Verder verloop na overhandiging van de lijst aan de Griekse autoriteiten bewerken

In oktober 2010 is een bestandsdrager met daarop de lijst aan Giorgios Papakonstandinou overhandigd door Lagarde als hulp bij het opsporen van Grieken die zwart vermogen in het buitenland hadden ondergebracht. Volgens Papkonstantinou heeft hij bij het verlaten van het ministerie van Financiën de gegevensdrager daar achtergelaten, waarna deze is zoekgeraakt.

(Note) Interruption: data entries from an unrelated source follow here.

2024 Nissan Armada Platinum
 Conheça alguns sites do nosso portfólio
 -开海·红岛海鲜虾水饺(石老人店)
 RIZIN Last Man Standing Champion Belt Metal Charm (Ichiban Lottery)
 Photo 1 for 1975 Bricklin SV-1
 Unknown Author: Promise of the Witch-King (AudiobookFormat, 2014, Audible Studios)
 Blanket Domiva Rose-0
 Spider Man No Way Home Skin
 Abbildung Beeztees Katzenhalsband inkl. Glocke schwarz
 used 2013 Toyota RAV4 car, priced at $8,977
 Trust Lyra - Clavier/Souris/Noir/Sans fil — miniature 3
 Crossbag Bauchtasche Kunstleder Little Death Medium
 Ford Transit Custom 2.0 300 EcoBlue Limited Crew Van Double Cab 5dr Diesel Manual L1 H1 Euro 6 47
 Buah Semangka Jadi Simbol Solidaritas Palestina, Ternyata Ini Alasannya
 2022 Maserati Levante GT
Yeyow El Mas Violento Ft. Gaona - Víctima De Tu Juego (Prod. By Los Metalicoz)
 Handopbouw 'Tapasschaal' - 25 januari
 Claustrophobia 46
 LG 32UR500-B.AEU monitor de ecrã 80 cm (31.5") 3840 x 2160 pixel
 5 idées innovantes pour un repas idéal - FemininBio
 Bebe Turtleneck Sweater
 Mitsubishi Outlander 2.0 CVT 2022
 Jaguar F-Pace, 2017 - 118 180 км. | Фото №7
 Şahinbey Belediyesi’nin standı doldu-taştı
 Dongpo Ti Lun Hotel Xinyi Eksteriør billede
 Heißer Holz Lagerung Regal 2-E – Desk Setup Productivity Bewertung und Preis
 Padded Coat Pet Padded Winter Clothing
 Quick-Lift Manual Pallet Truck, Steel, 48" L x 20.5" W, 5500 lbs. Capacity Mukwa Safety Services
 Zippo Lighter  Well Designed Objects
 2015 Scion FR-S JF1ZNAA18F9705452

Zijn opvolger, Evangelos Venizelos, produceerde later een kopie van de lijst op een Memory Stick, waarna er een onderzoek plaatsvond dat verder geen gevolgen had voor betrokken spaarders.[3] De lijst is pas weer in de belangstelling gekomen na publicatie door de Griekse journalist Kostas Vaxevanis in zijn tijdschrift Hot Doc.[3] Hij werd gearresteerd wegens het schenden van de privacy van de betrokken spaarders op de genoemde lijst. Later werd hij hiervan vrijgesproken.[4] Bij vergelijking met het originele bestand dat uit Frankrijk was opgevraagd, bleken drie namen van familieleden van Papakonstandinou van de lijst op de stick verdwenen te zijn.[5] Na een lange zitting heeft het Griekse parlement op 18 januari 2013 besloten tot een parlementair onderzoek over deze zaak met 294 stemmen voor en 264 tegen. De oppositiepartijen en in het bijzonder SYRIZA hadden erop aangedrongen dat er ook een onderzoek zou komen naar de opvolger van Papakonstandinou, Evangelos Venizelos, en de voormalige premiers Giorgos Papandreou en Lucas Papademos, maar dit voorstel haalde niet het benodigde aantal stemmen.[6]

Verdachte sterfgevallen bewerken

In oktober 2012 werd de voormalige minister van Defensie Yiannis Sbokos gearresteerd omdat hij van corruptie verdacht werd. Hij werd beschuldigd van omkoping en het witwassen van geld en zit gevangen op verdenking van het ontvreemden van 1,29 miljard dollar door fraude met defensiecontracten. De dag na zijn arrestatie pleegde Leonidas Tzanis, de voormalig onderminister van Binnenlandse Zaken (1999-2001), zelfmoord. Hij had zichzelf opgehangen in zijn garage.[7] Ook Vlassis Kambouroglou, een zakenman die beschuldigd werd van betrokkenheid bij het corruptieschandaal, werd enkele dagen later dood aangetroffen in een hotelkamer in Jakarta. Hij was de voormalige directeur van Drumilan International, een bedrijf dat betrokken was bij de verkoop van een TOR-M1-raketsysteem van Russische makelij aan Griekenland in 2004. De namen van zowel Tzanis als Kambouroglou kwamen op de Lagarde-lijst voor.[8]